Maybe call it a lack of pre-planning or foresight, but there are a few things I never imagined happening here in Nicaragua.
The other evening, I sat down and brainstormed the first 30+ that came to mind. So here commences the not-even-close-to-being-finished list of…
“Things I Never Thought I Would Be Doing in the Peace Corps”
Teaching people how to de-seed tomatoes.
Working in operating rooms – with a scalpel in hand.
Learning how to bloodlessly kill a chicken.
Mastering mold-removal techniques for cement walls.
Teaching people how to correctly wash hands.
Pooping out worms.
Learning to identify clay content in soil.
Feeling completely and utterly inadequate on an almost daily basis.
Transporting 100 toothbrushes, toothpaste tubes and floss packets between countries.
Setting and enforcing boundaries with neighborhood kids who want to use my apartment as a recreation center.
Throwing away books and clothes because termites ate through them.
Figuring out that mice are living in my bed.
Knowing the fancy hospital’s lab technicians on a personal basis. Frequent flyer, yo.
Watching a C-section of a young mom. Hi, cute baby!
Thinking about changing my career.
Being peed on by bats while trying to sleep. It burns, folks, it burns.
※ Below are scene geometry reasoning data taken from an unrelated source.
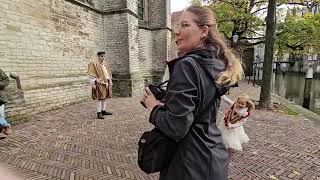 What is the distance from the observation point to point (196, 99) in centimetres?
163

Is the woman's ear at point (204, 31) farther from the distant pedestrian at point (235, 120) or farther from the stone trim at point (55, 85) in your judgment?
the stone trim at point (55, 85)

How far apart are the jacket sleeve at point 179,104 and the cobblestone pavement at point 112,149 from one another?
3036mm

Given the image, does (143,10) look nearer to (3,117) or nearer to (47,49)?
(47,49)

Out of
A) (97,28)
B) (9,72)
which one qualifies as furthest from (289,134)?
(97,28)

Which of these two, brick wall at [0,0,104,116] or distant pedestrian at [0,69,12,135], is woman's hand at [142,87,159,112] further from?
brick wall at [0,0,104,116]

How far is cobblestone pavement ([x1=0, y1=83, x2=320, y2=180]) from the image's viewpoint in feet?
15.2

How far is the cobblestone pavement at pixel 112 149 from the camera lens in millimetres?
4633

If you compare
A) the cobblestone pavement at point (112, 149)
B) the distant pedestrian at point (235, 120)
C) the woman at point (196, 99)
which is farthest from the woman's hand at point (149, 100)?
the distant pedestrian at point (235, 120)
Riding buses for three hours to buy an iced latte. Worth it.
Running outside at midnight to do a celebratory dance in the first rain after 8 months of dust and dryness.
Enjoying washing my laundry by hand. It is therapy that I swear by.
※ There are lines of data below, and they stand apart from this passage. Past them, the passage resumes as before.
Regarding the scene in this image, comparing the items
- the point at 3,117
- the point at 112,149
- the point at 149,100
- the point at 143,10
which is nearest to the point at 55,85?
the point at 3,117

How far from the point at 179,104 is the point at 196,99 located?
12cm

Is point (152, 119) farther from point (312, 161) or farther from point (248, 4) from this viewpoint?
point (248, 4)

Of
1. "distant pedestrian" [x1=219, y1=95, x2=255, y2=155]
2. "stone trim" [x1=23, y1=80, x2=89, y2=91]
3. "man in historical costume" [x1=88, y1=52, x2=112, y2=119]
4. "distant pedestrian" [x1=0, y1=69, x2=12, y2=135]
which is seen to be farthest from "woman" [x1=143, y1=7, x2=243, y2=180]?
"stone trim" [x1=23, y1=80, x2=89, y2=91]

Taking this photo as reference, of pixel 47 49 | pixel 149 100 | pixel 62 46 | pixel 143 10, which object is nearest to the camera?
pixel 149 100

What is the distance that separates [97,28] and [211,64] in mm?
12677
Correcting my Spanish-speaking students’ spelling errors.
Being congratulated by my community on the Seahawk’s win. Wait, they were in the Super Bowl this year?
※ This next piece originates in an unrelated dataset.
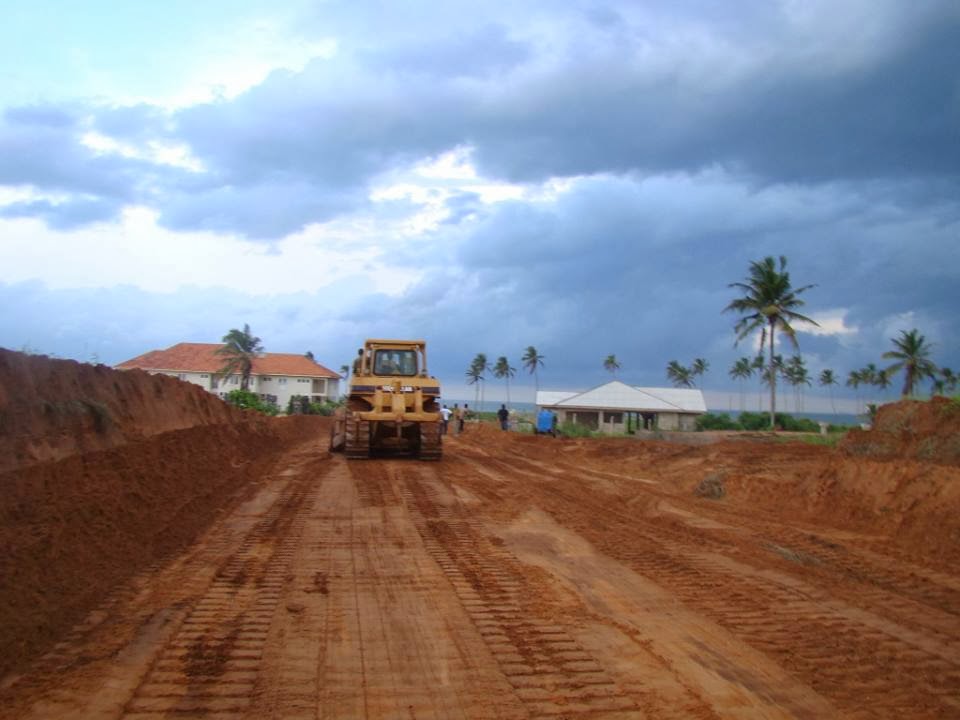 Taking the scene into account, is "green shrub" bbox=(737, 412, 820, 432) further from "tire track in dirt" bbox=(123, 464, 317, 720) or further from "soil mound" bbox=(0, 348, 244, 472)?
"tire track in dirt" bbox=(123, 464, 317, 720)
Explaining to small children and adults alike that no, vegetables do not make you fat. But that fried cheese you have in your hand? It could.
Feeling like my heart is physically breaking in two at the stories I hear from community members.
Processing the idea that sometimes (almost always), stepping in with money is not helpful.
Dancing to ranchero music at midnight in a dirt-floor cantina with a man I just met, who would soon become someone really special to me.
Standing at the airport and cringing at American mission groups and other tourists who are entering/leaving the country. We are our image here, and it is not always pretty.
Explaining to male professors why I do not wear shorts in public.
Asking male professors to stop cat-calling me in front of their students.
Playing a midnight game of chase with a mouse.
Throwing pottery in a rural mountain town with my dad.
Mastering the art of tortillas tostadas, a specialty in my community.
Explaining to my community on an almost weekly basis that no, Americans are not required to get a microchip implanted in their arm.
Being asked by a national TV show to dance with a towel in order to promote summer vacation, while at a bus busy terminal.
Getting sprayed by fresh, flying cow dung while waiting for a bus.
Getting teary-eyed every time one of my old students tells me that they are now studying in college or have gotten a job.
Chasing after a pig who ate through the Christmas stocking my mom sent, and ate the bag of chocolate. Bacon was almost had for Christmas dinner.